Foreign Office claims Russian bombers pose threat to civilian flights, no details given
On Wednesday the Ministry of Defence (MoD) confirmed a number of Royal Air Force Typhoon jets were scrambled in an attempt to intercept the Tupolev 95 ‘Bear’ Aircraft which were flying along the south coast.
An MoD spokesperson said “the Russian planes were escorted by the RAF until they were out of the UK area of interest. At no time did the Russian military aircraft cross into UK sovereign airspace.”
The FCO, however, said that while they were never in the UK’s airspace, their patrol posed a threat to civil aviation.
“While the Russian planes did not enter sovereign UK airspace and were escorted by RAF Typhoons throughout the time they were in the UK area of interest, the Russian planes caused disruption to civil aviation. That is why we summoned the Russian ambassador to account for the incident,” a spokeswoman said.
Authorities did not specify, however, what the threats to civil aviation were.
The Russian ambassador to the UK, Alexander Yakovenko, met with the FCO Permanent Under-Secretary Simon Fraserat on Thursday.
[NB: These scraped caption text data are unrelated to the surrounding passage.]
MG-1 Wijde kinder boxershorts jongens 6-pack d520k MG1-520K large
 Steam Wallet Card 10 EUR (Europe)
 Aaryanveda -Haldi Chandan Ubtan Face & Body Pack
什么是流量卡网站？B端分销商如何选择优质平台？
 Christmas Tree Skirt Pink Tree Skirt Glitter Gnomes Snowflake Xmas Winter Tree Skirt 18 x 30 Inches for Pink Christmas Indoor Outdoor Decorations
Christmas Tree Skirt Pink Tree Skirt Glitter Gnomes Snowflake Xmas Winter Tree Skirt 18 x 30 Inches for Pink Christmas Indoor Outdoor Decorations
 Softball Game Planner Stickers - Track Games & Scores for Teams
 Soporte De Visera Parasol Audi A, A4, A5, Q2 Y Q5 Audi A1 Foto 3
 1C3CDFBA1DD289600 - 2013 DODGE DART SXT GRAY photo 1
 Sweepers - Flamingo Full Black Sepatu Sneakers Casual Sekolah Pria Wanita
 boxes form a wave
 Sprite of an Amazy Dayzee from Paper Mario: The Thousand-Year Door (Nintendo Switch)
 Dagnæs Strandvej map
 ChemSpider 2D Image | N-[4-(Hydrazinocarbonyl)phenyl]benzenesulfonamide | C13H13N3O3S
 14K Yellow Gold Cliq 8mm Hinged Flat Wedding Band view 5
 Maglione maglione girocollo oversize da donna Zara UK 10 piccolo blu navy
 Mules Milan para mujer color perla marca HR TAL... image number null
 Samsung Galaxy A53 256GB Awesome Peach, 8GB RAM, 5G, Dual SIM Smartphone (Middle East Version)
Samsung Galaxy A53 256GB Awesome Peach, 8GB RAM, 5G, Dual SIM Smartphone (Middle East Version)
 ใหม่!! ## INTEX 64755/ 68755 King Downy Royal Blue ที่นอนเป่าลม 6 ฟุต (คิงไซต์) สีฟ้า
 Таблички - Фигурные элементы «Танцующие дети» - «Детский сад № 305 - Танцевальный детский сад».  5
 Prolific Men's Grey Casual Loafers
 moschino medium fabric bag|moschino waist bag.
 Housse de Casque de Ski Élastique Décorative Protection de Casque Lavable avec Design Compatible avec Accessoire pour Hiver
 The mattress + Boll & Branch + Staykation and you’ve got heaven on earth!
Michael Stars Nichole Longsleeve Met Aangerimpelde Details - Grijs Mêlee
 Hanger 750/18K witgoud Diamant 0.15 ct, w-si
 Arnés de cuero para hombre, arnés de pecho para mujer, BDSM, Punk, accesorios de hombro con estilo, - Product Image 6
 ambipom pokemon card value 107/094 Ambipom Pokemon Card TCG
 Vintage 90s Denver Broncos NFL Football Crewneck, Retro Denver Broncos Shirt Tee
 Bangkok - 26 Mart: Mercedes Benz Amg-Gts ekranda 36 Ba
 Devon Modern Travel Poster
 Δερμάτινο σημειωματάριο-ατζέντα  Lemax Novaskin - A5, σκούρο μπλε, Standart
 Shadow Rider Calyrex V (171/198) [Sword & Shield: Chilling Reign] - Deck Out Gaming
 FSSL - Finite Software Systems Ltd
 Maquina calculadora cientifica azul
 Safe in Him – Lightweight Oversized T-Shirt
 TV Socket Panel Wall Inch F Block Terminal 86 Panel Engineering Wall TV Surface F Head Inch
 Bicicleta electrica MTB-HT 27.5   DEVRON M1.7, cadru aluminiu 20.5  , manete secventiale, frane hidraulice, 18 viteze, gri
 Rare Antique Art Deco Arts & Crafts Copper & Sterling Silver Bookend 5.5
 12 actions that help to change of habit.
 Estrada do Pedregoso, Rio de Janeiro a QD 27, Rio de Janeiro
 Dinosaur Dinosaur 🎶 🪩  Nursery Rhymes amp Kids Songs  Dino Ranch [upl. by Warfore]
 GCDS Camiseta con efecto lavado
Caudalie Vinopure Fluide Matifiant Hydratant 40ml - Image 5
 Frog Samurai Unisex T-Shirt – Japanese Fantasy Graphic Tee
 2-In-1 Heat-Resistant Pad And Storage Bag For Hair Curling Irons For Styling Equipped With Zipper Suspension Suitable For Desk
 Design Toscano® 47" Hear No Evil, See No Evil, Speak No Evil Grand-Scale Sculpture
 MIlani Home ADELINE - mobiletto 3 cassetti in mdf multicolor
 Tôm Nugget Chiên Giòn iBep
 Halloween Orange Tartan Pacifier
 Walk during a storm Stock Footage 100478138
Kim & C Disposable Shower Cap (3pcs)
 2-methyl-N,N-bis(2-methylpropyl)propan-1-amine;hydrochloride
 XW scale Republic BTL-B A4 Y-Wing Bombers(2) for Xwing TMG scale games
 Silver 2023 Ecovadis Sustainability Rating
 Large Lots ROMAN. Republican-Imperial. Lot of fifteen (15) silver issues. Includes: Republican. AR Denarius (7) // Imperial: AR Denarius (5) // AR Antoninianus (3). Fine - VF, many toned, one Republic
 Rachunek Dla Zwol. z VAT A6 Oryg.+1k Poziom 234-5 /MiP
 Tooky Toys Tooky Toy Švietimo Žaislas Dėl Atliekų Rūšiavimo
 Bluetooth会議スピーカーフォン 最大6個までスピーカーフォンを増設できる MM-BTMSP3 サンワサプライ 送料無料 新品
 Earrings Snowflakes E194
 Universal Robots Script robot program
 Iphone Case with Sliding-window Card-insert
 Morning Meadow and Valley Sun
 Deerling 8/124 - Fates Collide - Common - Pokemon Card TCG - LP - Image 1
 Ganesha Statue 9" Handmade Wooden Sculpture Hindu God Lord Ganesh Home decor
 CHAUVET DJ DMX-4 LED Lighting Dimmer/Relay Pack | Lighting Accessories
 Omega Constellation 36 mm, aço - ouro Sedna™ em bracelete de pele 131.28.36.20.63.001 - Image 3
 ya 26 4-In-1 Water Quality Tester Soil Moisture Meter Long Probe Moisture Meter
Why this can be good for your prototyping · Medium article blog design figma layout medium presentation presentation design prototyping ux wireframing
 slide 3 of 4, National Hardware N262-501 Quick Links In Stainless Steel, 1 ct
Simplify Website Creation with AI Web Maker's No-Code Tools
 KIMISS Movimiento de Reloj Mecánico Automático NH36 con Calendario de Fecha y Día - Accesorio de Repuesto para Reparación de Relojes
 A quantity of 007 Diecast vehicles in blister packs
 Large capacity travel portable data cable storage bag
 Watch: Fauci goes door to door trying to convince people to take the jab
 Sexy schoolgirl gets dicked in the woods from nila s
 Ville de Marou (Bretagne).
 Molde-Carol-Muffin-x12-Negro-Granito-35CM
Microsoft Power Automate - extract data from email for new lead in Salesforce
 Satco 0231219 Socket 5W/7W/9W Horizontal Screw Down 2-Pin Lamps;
In a statement, the Russian Embassy said: “Ambassador Alexander Yakovenko stressed that the concerns of the British side are not understandable given that two Russian military aircraft were on a routine air patrol duty over the high seas of the Atlantic Ocean.
“This flight (as all other routine flights of the Russian military aircraft) was carried out in strict compliance with the international legal norms including International Flight Rules and Regulations, without violation of other Countries’ airspace, therefore it cannot be regarded as threatening, destabilizing or disruptive.”
While it is not an uncommon practice for Russian military jets to fly along England’s south coast, there have been several incidents of RAF fighter jets being scrambled to ensure Russian aircraft do not encroach on British airspace.
One British official said, “This time they caused more disruption and concern than before when we have had to send Typhoons up to take a look. So that’s why we called the ambassador in.”
Russian Air Force spokesman Colonel Ivan Klimov said the strategic bombers took off from Russia’s Engels air base on Thursday and had successfully completed their tasks according to an air patrol plan.
The flight route passed above neutral waters of the Barents and Norwegian seas, as well as the Atlantic Ocean, the colonel said, adding that the flights lasted for over 19 hours, with two mid-air refueling operations carried out during the mission.
The bombers were accompanied by Russian Air Force MiG-31 supersonic interceptor aircraft. At some stages, the patrolling aircraft were escorted by UK, Norwegian and French fighter jets, Klimov said.
He said the air patrol flights were carried out according to an approved plan, and were conducted in strict compliance with international regulations of the use of airspace above neutral waters, without violating other countries’ borders.
The number of Russian jets being intercepted has risen throughout Europe during the past year.
Speaking in Brussels on Thursday, Jens Stoltenberg, Secretary General of NATO, said in the past year more than 150 interceptions of Russian aircraft were carried by NATO forces on missions patrolling the Baltic States, four times as many than in 2013.
“Therefore we remain vigilant,” he added.